SOURCE MATERIAL below:

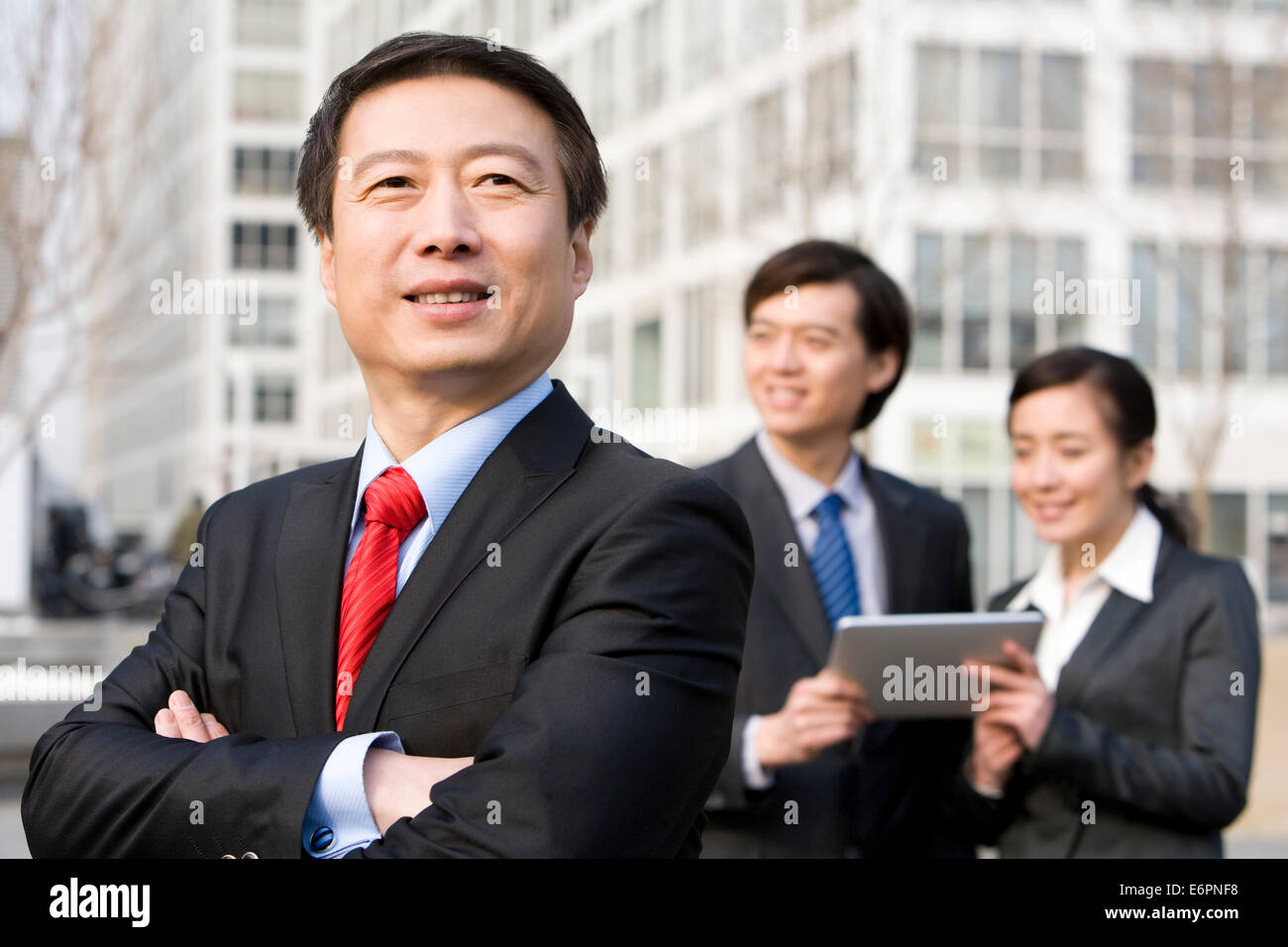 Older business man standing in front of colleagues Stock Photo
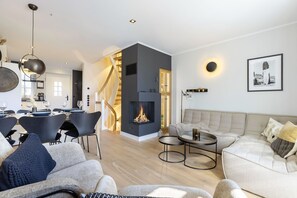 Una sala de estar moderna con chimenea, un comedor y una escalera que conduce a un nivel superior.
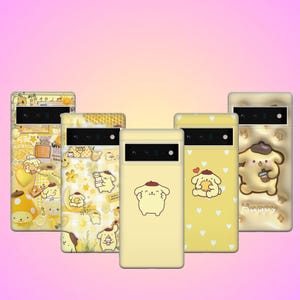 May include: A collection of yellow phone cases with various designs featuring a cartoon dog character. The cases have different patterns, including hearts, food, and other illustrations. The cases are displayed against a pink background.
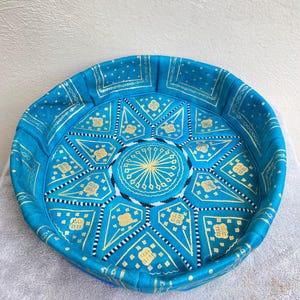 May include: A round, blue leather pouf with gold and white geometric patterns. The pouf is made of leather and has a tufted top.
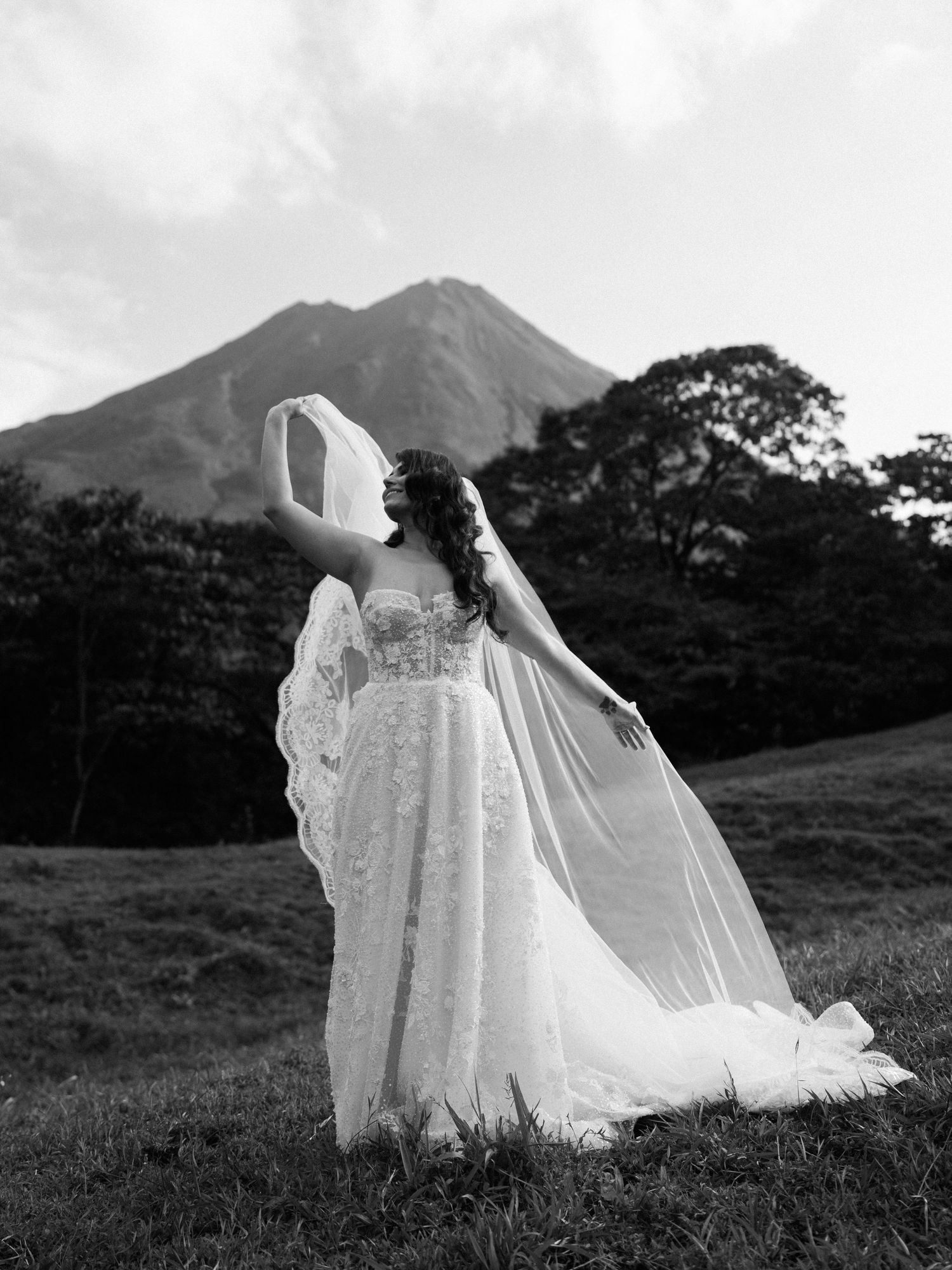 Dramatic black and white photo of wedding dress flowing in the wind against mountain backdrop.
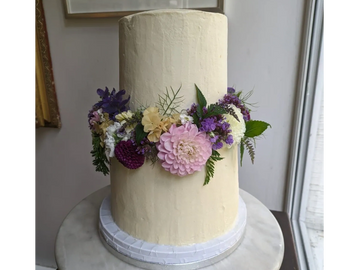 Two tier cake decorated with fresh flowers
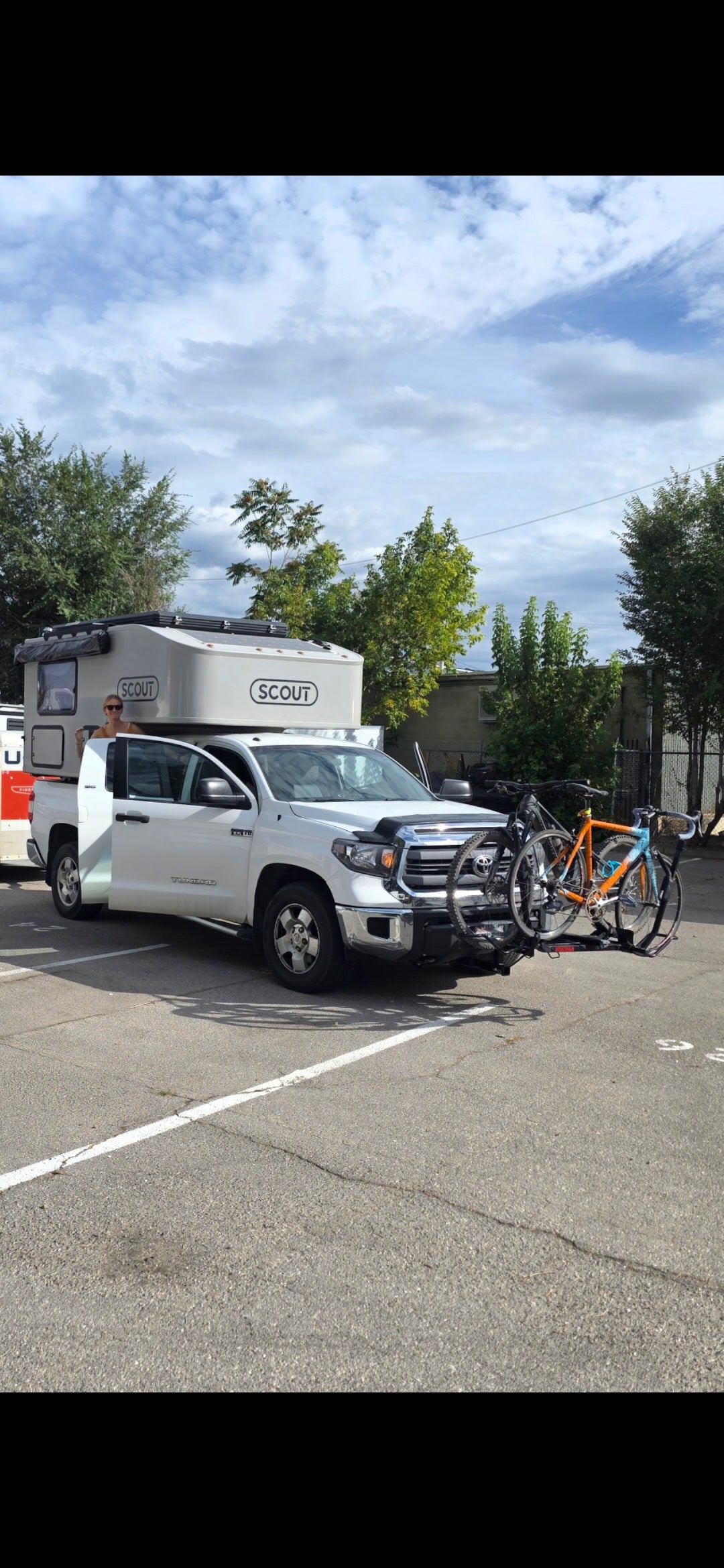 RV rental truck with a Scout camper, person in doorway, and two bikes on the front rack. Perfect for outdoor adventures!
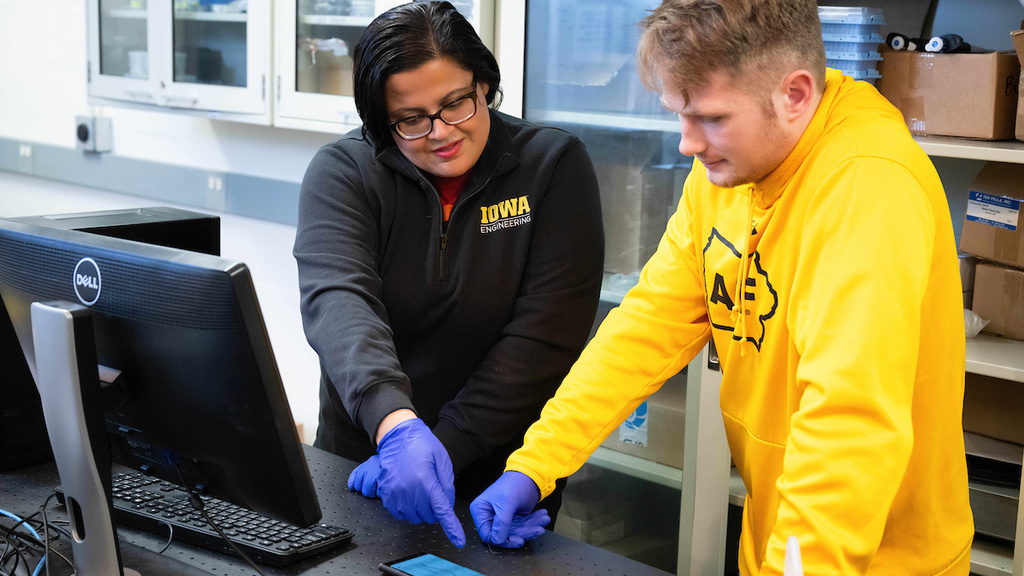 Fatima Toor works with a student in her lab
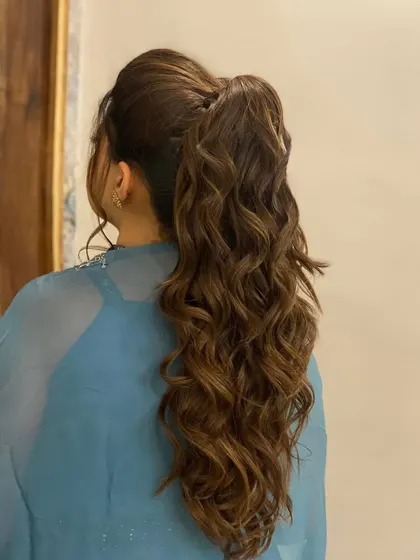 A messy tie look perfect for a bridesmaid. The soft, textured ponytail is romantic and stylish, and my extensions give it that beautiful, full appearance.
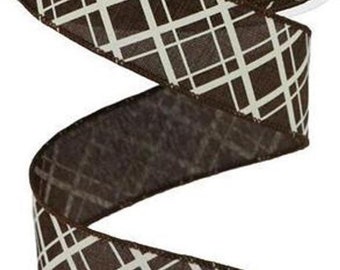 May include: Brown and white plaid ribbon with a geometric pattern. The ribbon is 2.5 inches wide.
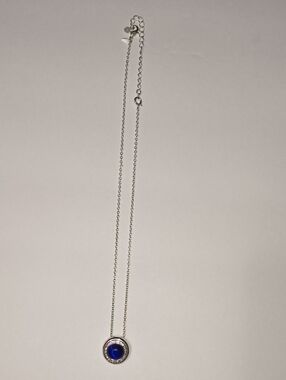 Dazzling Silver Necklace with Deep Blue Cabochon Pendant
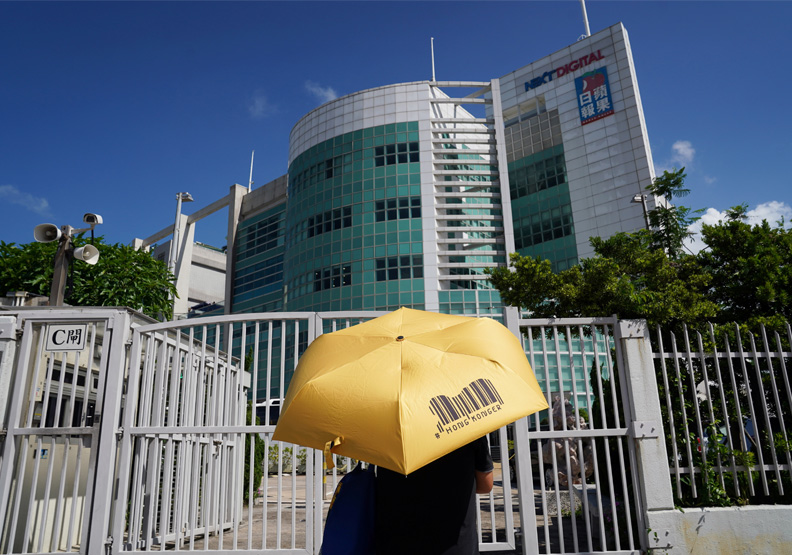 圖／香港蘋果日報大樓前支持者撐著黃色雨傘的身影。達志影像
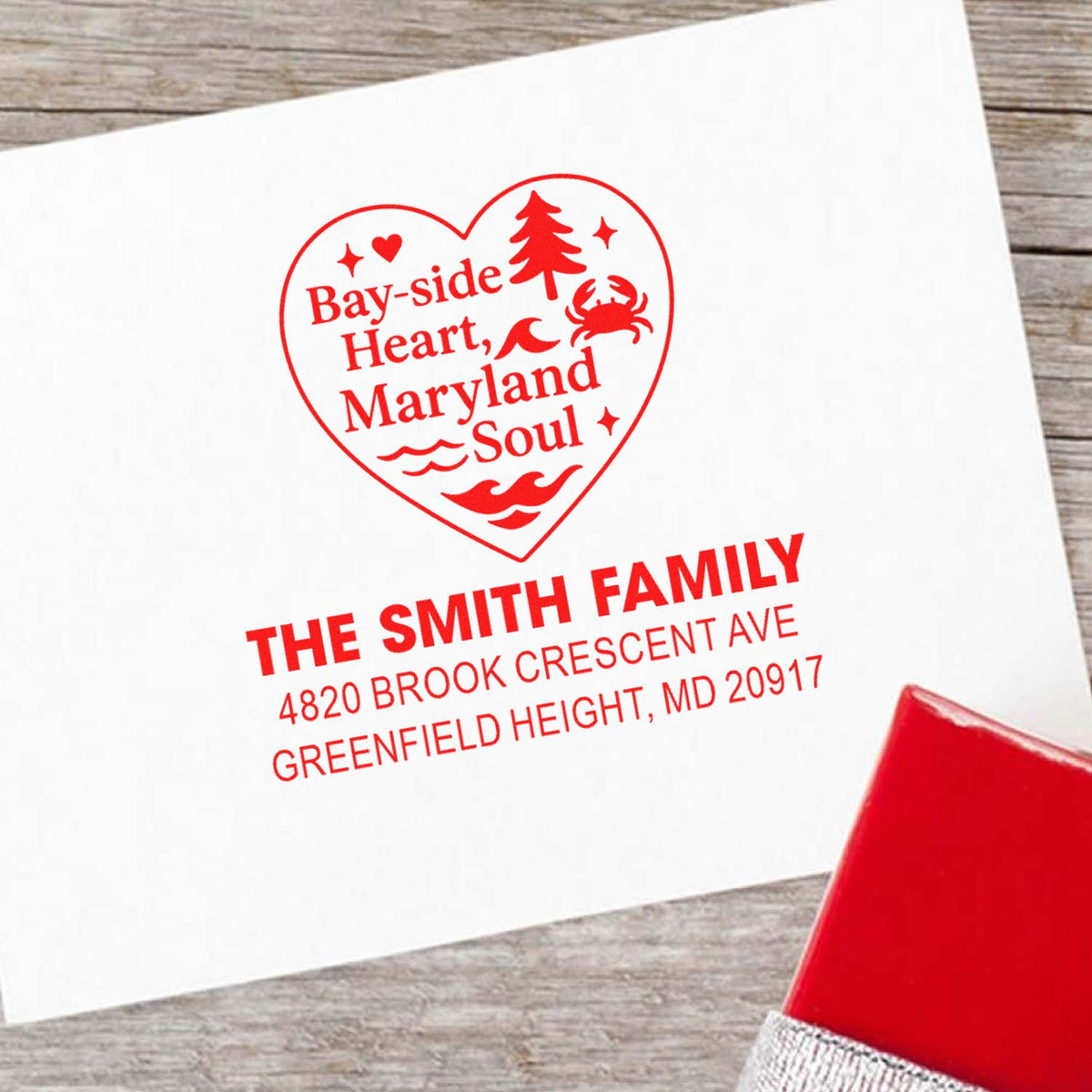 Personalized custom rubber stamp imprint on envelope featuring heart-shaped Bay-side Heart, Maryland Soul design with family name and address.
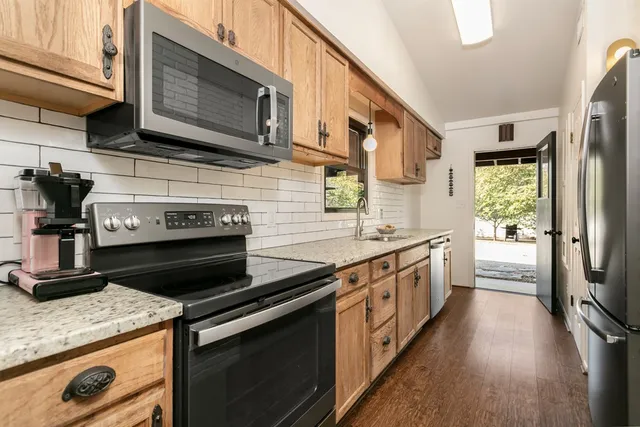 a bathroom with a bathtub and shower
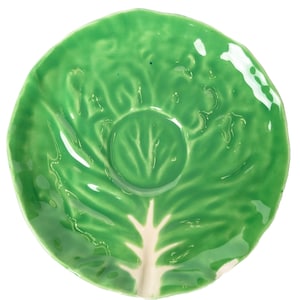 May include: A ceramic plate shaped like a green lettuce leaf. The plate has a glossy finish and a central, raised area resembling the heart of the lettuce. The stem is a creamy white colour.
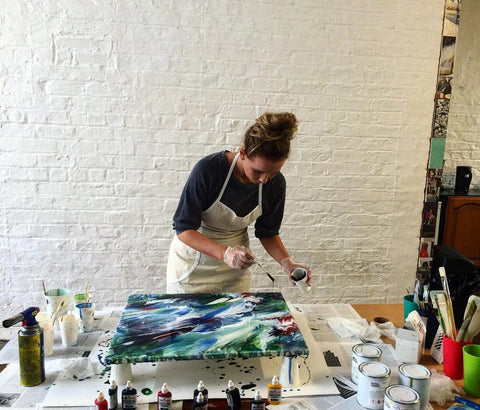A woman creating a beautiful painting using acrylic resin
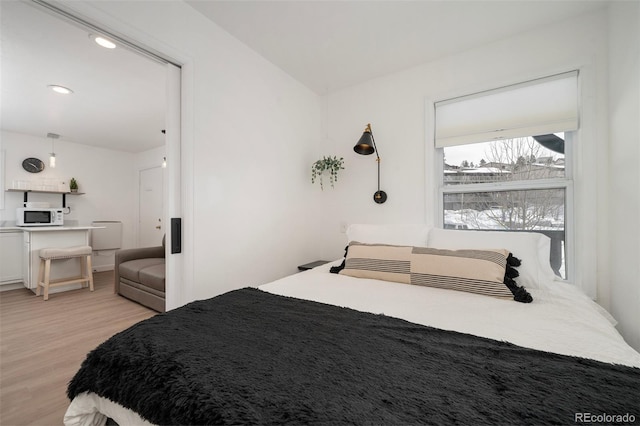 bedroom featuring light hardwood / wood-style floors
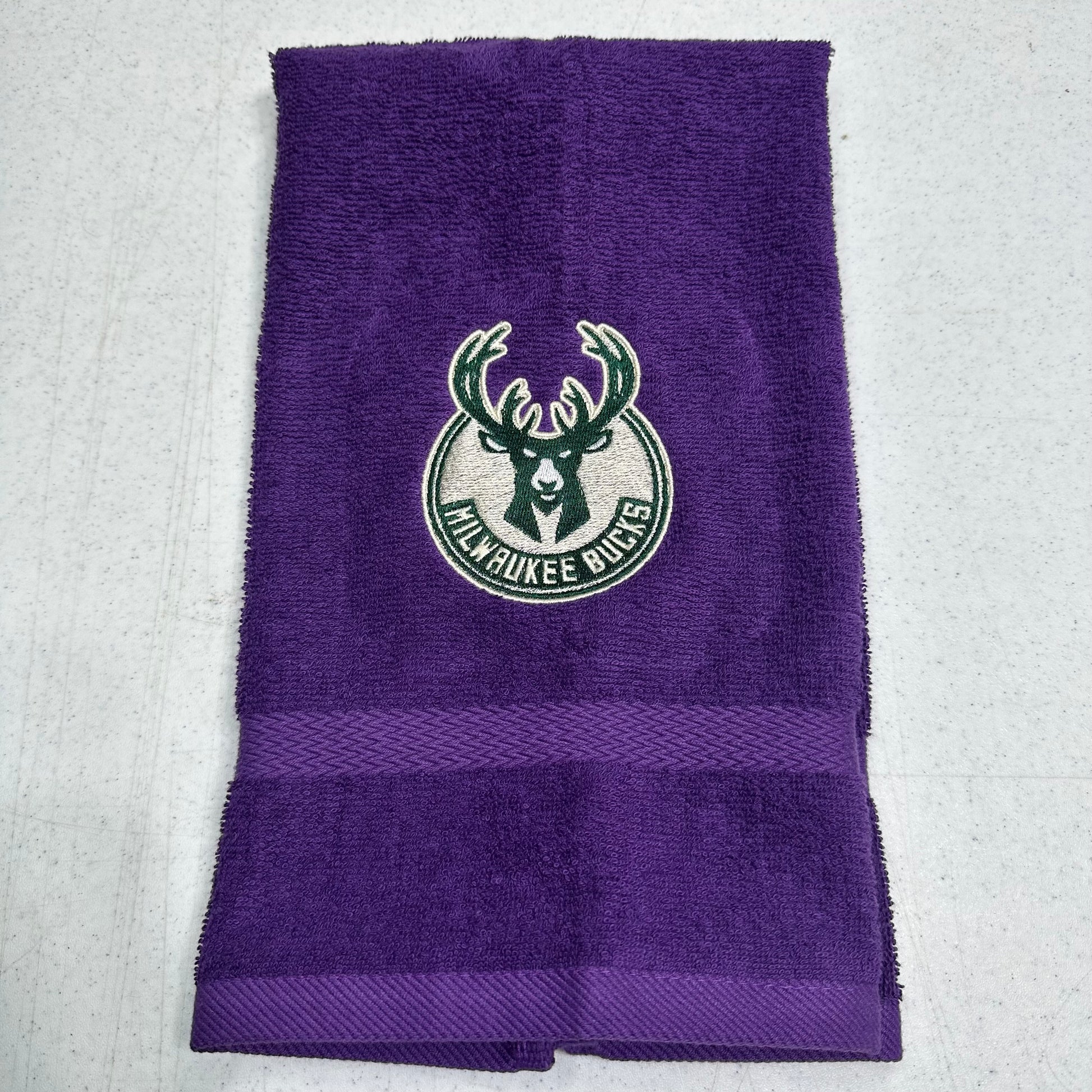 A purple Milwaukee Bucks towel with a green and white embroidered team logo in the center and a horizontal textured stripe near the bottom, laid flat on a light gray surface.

End of SOURCE MATERIAL.

- YOUR GOAL -
Please retype the material above exactly, and omit its images.

- TASK RESPONSE -
 Older business man standing in front of colleagues Stock Photo
 Una sala de estar moderna con chimenea, un comedor y una escalera que conduce a un nivel superior.
 May include: A collection of yellow phone cases with various designs featuring a cartoon dog character. The cases have different patterns, including hearts, food, and other illustrations. The cases are displayed against a pink background.
 May include: A round, blue leather pouf with gold and white geometric patterns. The pouf is made of leather and has a tufted top.
 Dramatic black and white photo of wedding dress flowing in the wind against mountain backdrop.
 Two tier cake decorated with fresh flowers
 RV rental truck with a Scout camper, person in doorway, and two bikes on the front rack. Perfect for outdoor adventures!
 Fatima Toor works with a student in her lab
 A messy tie look perfect for a bridesmaid. The soft, textured ponytail is romantic and stylish, and my extensions give it that beautiful, full appearance.
 May include: Brown and white plaid ribbon with a geometric pattern. The ribbon is 2.5 inches wide.
 Dazzling Silver Necklace with Deep Blue Cabochon Pendant
 圖／香港蘋果日報大樓前支持者撐著黃色雨傘的身影。達志影像
 Personalized custom rubber stamp imprint on envelope featuring heart-shaped Bay-side Heart, Maryland Soul design with family name and address.
 a bathroom with a bathtub and shower
 May include: A ceramic plate shaped like a green lettuce leaf. The plate has a glossy finish and a central, raised area resembling the heart of the lettuce. The stem is a creamy white colour.
A woman creating a beautiful painting using acrylic resin
 bedroom featuring light hardwood / wood-style floors
 A purple Milwaukee Bucks towel with a green and white embroidered team logo in the center and a horizontal textured stripe near the bottom, laid flat on a light gray surface.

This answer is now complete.